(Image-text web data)
_ _ _ _ _

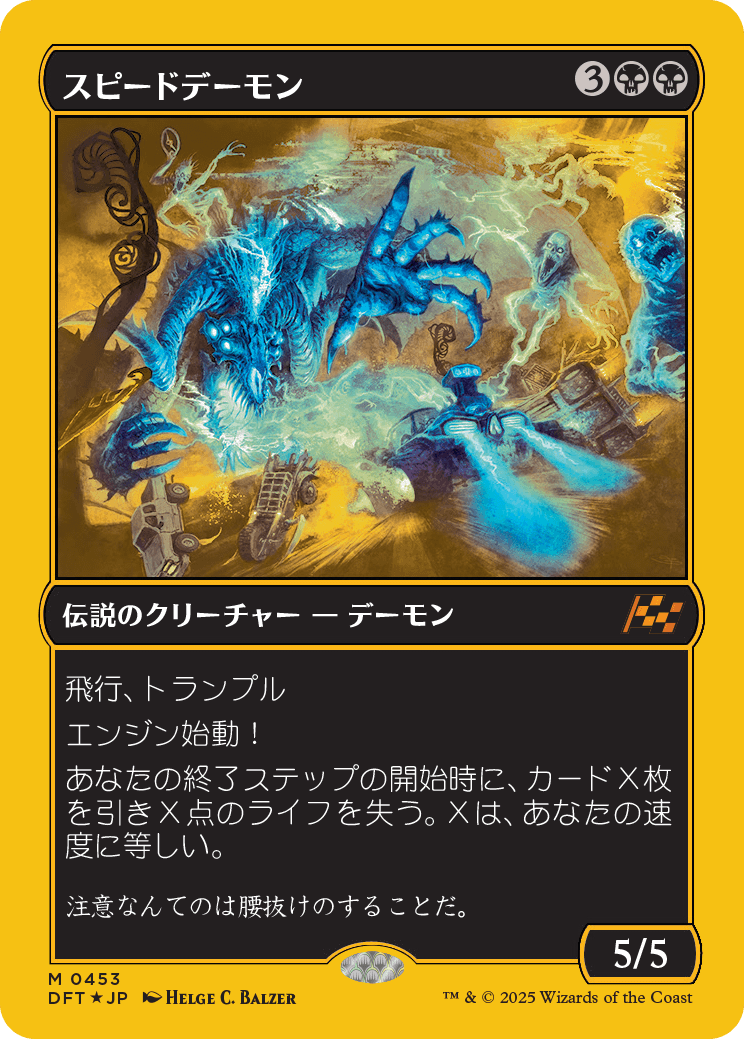 スピードデーモン/The Speed Demon [DFT-BF][FOIL][ファーストプレイス]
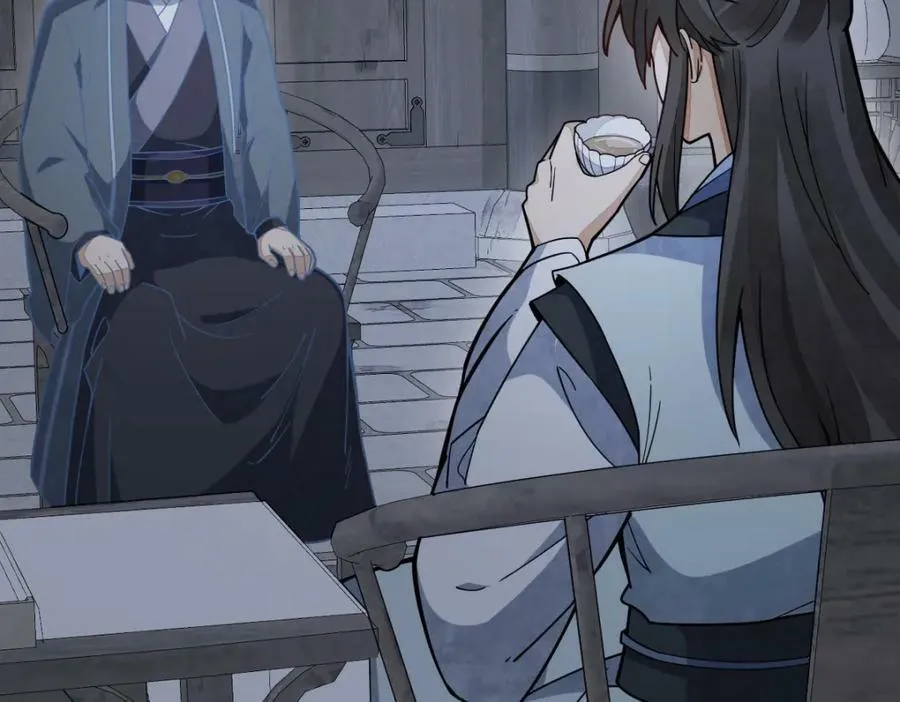 第207话 第4页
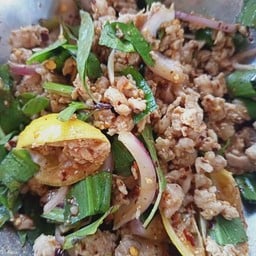 ลาบหมู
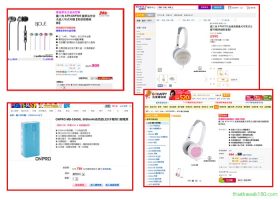 Một số trang web bán hàng ở Đài Loan nổi bật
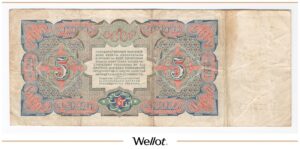 5 Рублей 1925 Россия СССР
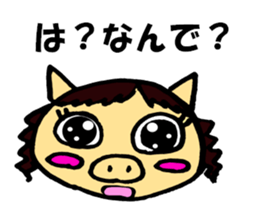 Good friend five people ?set sticker #6118637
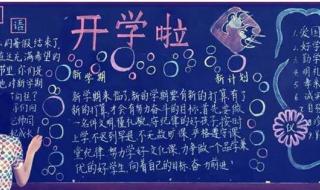 新学期黑板报 新学期黑板报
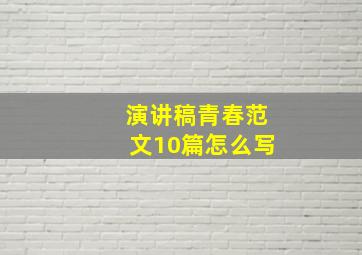 演讲稿青春范文10篇怎么写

_ _ _ _ _

WHAT TO WORK ON:
Reproduce these records exactly, but not the pictures.

EXPECTED OUTPUT:
 スピードデーモン/The Speed Demon [DFT-BF][FOIL][ファーストプレイス]
 第207话 第4页
 ลาบหมู
 Một số trang web bán hàng ở Đài Loan nổi bật
 5 Рублей 1925 Россия СССР
 Good friend five people ?set sticker #6118637
 新学期黑板报 新学期黑板报
 演讲稿青春范文10篇怎么写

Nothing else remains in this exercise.